Start of Input data

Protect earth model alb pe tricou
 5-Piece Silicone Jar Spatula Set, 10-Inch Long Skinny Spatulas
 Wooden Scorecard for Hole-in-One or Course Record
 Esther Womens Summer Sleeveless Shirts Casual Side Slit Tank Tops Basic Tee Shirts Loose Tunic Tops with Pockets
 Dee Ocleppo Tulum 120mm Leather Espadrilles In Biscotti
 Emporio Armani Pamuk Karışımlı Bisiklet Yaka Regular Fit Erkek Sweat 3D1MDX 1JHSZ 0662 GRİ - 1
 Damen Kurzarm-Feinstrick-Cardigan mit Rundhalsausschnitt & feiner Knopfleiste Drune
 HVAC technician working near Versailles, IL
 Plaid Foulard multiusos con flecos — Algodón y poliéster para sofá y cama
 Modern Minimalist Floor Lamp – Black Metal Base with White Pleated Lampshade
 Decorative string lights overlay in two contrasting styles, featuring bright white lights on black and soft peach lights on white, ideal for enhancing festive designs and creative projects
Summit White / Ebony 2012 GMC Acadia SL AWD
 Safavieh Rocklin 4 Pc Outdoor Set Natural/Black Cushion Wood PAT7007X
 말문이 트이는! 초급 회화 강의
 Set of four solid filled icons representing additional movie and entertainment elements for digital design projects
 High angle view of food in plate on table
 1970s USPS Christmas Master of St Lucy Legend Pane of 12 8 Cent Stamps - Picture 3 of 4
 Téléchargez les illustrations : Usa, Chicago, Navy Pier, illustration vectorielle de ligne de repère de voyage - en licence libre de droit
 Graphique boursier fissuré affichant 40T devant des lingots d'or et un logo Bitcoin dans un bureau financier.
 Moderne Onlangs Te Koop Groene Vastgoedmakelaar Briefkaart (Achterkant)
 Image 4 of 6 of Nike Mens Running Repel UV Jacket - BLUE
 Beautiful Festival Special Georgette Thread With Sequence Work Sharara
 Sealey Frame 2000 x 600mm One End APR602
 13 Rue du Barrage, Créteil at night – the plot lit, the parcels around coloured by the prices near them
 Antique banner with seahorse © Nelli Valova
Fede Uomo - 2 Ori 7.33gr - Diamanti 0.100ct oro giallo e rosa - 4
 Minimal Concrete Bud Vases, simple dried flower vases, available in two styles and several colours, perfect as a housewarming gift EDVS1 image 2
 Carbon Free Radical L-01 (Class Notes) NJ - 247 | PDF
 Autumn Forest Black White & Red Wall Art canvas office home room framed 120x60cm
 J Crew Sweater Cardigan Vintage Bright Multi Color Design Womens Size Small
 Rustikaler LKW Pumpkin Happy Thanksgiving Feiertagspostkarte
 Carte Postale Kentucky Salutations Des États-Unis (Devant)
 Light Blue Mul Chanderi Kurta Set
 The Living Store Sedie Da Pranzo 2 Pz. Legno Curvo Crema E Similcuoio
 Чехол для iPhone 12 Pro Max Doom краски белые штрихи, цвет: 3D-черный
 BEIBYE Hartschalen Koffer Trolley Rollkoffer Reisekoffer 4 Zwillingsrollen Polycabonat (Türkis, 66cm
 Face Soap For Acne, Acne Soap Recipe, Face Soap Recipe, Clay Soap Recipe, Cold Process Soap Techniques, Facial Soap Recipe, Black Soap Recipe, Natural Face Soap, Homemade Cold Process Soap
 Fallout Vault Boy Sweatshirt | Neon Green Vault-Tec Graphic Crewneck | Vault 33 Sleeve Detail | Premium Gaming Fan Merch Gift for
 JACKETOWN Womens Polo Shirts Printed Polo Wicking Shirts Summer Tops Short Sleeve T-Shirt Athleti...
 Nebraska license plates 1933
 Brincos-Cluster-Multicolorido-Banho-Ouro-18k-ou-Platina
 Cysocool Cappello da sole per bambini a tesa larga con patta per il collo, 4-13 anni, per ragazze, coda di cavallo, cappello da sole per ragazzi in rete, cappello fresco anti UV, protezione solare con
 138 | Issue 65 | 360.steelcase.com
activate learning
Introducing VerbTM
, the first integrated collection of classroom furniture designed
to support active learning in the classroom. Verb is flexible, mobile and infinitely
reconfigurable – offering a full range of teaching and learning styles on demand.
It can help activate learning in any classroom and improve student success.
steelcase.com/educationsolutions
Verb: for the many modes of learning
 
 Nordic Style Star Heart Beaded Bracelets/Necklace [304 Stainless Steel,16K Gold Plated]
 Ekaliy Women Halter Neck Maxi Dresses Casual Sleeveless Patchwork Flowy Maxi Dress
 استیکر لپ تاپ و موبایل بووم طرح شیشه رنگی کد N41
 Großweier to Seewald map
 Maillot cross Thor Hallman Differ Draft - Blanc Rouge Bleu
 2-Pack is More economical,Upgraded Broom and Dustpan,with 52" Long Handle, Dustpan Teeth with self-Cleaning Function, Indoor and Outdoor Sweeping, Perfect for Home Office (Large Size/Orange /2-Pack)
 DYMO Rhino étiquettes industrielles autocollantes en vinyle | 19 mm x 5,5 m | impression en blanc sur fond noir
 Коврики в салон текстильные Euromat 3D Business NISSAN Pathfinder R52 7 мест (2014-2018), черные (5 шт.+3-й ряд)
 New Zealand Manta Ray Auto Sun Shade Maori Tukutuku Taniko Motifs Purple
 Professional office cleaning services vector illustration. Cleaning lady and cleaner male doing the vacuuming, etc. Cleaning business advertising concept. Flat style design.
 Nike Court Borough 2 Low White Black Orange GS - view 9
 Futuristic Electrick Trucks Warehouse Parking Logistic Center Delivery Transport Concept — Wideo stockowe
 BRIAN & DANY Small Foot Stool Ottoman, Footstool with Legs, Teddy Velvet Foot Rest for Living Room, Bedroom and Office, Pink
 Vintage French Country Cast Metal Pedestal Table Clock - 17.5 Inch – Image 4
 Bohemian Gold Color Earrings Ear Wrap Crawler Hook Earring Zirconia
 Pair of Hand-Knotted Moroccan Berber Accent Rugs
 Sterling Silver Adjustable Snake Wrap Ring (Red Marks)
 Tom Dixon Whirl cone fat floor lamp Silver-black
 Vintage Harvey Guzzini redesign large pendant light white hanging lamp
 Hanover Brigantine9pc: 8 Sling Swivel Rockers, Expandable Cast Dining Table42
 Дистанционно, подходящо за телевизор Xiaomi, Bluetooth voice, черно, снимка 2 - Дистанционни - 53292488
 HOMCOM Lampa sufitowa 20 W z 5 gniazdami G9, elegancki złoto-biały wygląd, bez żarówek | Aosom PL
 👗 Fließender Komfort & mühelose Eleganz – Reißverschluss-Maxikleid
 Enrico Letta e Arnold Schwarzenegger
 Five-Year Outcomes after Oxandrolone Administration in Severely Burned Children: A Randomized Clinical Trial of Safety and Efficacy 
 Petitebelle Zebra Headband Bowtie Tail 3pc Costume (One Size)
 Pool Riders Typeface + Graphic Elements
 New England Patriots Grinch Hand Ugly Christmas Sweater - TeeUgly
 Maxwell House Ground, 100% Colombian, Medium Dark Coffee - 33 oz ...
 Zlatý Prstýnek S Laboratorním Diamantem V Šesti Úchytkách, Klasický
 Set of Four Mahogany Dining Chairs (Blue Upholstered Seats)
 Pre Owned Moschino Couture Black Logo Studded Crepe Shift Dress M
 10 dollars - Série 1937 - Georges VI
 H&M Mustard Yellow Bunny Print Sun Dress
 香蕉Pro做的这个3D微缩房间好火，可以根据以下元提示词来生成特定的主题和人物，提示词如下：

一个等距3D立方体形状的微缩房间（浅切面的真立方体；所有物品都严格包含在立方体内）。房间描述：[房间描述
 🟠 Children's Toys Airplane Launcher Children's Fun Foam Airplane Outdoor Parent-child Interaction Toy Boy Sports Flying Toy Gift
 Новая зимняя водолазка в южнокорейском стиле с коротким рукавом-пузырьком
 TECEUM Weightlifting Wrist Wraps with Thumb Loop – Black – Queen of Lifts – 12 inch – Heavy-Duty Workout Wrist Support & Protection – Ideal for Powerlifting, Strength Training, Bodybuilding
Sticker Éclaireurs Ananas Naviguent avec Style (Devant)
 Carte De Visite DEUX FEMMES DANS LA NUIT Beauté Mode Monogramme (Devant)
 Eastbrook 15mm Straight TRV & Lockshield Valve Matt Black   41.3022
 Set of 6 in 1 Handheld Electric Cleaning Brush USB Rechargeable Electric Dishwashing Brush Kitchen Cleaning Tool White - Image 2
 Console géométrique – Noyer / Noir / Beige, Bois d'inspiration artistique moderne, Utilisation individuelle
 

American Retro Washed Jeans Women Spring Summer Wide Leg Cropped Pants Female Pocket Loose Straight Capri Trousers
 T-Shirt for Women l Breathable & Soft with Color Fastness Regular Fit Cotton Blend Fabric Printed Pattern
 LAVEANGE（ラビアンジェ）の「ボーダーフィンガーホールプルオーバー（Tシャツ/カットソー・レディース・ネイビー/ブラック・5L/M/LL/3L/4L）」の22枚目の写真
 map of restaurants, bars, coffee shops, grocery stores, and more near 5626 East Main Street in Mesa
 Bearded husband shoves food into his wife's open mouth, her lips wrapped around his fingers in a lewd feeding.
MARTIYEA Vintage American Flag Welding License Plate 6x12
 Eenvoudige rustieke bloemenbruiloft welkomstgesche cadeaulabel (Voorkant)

End of Input data

Problem details.
Look back at the data above. Transcribe exactly the lines starting at the line that contains "香蕉Pro做的这个3D微缩房" and ending at the line that contains "LAVEANGE（ラビアンジ".

Your response.
 香蕉Pro做的这个3D微缩房间好火，可以根据以下元提示词来生成特定的主题和人物，提示词如下：

一个等距3D立方体形状的微缩房间（浅切面的真立方体；所有物品都严格包含在立方体内）。房间描述：[房间描述
 🟠 Children's Toys Airplane Launcher Children's Fun Foam Airplane Outdoor Parent-child Interaction Toy Boy Sports Flying Toy Gift
 Новая зимняя водолазка в южнокорейском стиле с коротким рукавом-пузырьком
 TECEUM Weightlifting Wrist Wraps with Thumb Loop – Black – Queen of Lifts – 12 inch – Heavy-Duty Workout Wrist Support & Protection – Ideal for Powerlifting, Strength Training, Bodybuilding
Sticker Éclaireurs Ananas Naviguent avec Style (Devant)
 Carte De Visite DEUX FEMMES DANS LA NUIT Beauté Mode Monogramme (Devant)
 Eastbrook 15mm Straight TRV & Lockshield Valve Matt Black   41.3022
 Set of 6 in 1 Handheld Electric Cleaning Brush USB Rechargeable Electric Dishwashing Brush Kitchen Cleaning Tool White - Image 2
 Console géométrique – Noyer / Noir / Beige, Bois d'inspiration artistique moderne, Utilisation individuelle
 

American Retro Washed Jeans Women Spring Summer Wide Leg Cropped Pants Female Pocket Loose Straight Capri Trousers
 T-Shirt for Women l Breathable & Soft with Color Fastness Regular Fit Cotton Blend Fabric Printed Pattern
 LAVEANGE（ラビアンジェ）の「ボーダーフィンガーホールプルオーバー（Tシャツ/カットソー・レディース・ネイビー/ブラック・5L/M/LL/3L/4L）」の22枚目の写真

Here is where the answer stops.